WORK INSTRUCTIONS: Filter the entries for the word "King". Copy each line in which it occurs.

(Recorded data)

________________

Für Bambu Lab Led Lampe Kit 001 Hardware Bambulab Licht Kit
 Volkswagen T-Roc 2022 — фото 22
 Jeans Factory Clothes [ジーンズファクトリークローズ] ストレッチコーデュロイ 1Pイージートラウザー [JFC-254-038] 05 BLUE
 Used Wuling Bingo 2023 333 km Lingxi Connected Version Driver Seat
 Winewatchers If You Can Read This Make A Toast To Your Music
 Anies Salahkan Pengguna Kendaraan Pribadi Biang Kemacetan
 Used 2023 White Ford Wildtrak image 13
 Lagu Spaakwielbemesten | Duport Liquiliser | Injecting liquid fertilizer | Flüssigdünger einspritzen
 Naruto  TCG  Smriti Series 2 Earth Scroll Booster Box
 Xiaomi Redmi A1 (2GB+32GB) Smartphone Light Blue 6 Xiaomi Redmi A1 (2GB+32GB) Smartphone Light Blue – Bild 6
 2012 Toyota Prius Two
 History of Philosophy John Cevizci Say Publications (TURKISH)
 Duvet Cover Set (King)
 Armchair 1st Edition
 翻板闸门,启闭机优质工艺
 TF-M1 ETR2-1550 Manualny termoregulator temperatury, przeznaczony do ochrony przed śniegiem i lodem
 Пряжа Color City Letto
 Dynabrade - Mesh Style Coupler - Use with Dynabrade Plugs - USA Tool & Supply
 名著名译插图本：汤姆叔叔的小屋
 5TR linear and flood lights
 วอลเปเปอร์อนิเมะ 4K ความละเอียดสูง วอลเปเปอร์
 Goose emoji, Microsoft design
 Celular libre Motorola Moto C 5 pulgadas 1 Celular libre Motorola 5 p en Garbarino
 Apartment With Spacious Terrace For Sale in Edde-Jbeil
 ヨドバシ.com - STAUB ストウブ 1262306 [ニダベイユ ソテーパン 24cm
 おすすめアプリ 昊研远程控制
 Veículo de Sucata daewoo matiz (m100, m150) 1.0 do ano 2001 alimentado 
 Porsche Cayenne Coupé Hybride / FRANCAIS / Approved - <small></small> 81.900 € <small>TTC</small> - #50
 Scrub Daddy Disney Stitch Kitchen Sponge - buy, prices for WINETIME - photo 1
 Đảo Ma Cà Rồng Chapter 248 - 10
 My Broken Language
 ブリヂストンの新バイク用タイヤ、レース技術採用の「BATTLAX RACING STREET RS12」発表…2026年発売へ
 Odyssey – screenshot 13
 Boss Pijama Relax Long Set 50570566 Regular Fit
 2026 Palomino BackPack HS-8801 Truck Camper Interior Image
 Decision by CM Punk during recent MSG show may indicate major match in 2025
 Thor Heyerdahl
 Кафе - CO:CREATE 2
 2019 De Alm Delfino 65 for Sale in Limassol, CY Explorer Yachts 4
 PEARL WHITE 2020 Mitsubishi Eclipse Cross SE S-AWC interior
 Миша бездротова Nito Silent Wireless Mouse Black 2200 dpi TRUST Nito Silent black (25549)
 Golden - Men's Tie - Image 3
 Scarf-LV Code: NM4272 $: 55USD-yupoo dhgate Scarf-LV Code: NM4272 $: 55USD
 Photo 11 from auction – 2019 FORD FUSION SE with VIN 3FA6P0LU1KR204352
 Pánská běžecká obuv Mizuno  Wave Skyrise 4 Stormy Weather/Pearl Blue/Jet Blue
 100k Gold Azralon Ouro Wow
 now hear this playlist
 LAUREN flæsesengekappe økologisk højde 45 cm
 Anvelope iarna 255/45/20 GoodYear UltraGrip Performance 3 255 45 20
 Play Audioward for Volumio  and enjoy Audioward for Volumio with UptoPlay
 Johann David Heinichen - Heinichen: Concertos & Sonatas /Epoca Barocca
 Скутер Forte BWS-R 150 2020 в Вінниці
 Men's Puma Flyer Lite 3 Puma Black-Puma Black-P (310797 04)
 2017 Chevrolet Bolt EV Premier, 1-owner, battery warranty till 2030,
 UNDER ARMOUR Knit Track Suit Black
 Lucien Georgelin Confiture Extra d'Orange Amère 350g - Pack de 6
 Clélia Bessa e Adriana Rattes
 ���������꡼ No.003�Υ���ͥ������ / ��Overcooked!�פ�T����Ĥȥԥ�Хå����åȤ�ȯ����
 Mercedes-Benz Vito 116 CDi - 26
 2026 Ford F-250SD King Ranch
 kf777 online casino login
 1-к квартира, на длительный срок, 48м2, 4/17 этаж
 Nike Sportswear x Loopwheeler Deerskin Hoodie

________________

RESULT:
 Duvet Cover Set (King)
 2026 Ford F-250SD King Ranch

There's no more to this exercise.